AI Agents Make Humans More Productive, MIT Researchers Say

June 23, 2025, 9:00 AM UTC

AI agents can make the workplace more productive when fine-tuned for different personality types, but human co-workers pay a price in lost socialization, ongoing research by MIT information technology specialists has found.

MIT researchers led by Sinan Aral, a professor at the MIT Sloan School of Management and Harang Ju, a Sloan postdoc associate, found that humans using AI raised their productivity by 60%—partly because those workers sent 23% fewer social messages.

AI agents are complex artificial intelligence models that can work autonomously to complete tasks assigned to them while using reasoning and memory. They are increasingly being deployed in the workplace: In a recent PWC survey, 79% of senior executives said AI agents were being used at their companies; 66% said they were increasing productivity. They are being deployed as executive assistants, for customer support, and for analyzing complex tax forms among other uses.

Aral and Ju created a platform called Pairit, previously known as MindMeld, to better understand how the rapid adoption of AI agents is likely to change the workplace. In one experiment, more than 2,000 participants were assigned randomly to teams with other humans while another roup was paired with AI agents. Thee groups were then tasked with creating advertisements for a think-tank.

“Humans on Human-AI teams sent 23% fewer social messages, creating 60% greater productivity per worker and higher-quality ad copy,” the researchers found. The human teams working with other humans produced higher quality images. The personality of the humans also mattered, with humans in the “conscientious” group producing enhanced images while working with open AI agents, while those in another group—branded “extroverted”—produced lower quality image and texts in their work while working with “conscientious” AI agents.
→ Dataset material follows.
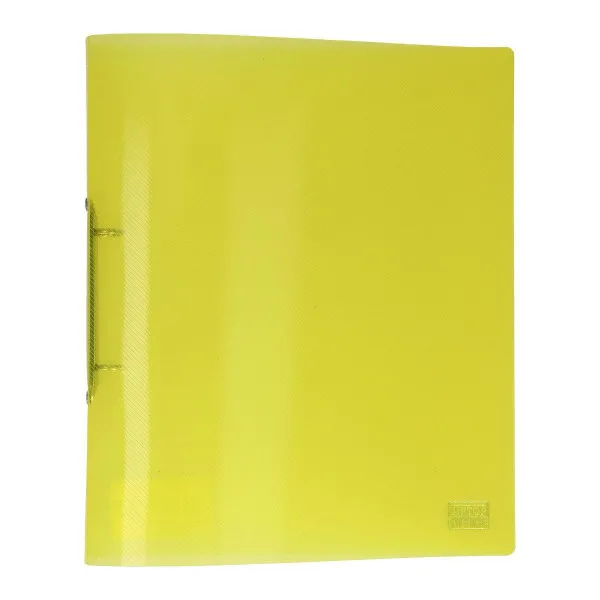 FASCIKLA SA 2 PRSTENA TRANSP.ŽUTA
Humans working with other humans sent more messages that were social and emotional including ones to build rapport and showed concern, the experiment found.

The researchers concluded that “AI traits can complement human personalities to enhance collaboration.”

“Together, our results highlight the transformative potential of AI agents in collaborative workflows while underscoring the importance of aligning their design with human traits and task requirements,” Aral and Ju said in their paper.

Spinning Off

Devanshu Mehrotra, an analyst with Gartner, said the ability to “hyper-customize” AI agents for individual workers would be revolutionary.

“This is a preliminary entry into this type of research. This type of methodology does open up the doors for a lot of further discussions of this kind, because I genuinely think that we have only started to scratch the surface,” he said.

The researchers are now focused on using their platform to analyze negotiations between humans and how AI can augment them. They are also experimenting with AI agents for consumer support, coding, data analysis and creative writing.

Ju said their study has proved that the same kinds of AI agents might not work for every person.

“Personalized AI, we believe that that’s going to be a huge thing, he said. “So not everyone’s going to get the same AI, like you don’t work with every one of your coworkers the same. Everyone’s different, and so AI should be different too.”

Getting the right fit between AI agents and human workers “will be just as important as it is between humans, he added.

Aral and Ju have started a company called Pairium AI to build personalized agentic AI. The company promotes itself as “personalizing the Agentic Age with AI technology that adapts to your unique work style.”

“We naturally learn to adjust our styles according to our teammates,” Ju said. “That’s going to have to happen a lot with AI.”

That, he said, will lead to improved productivity, teamwork and performance.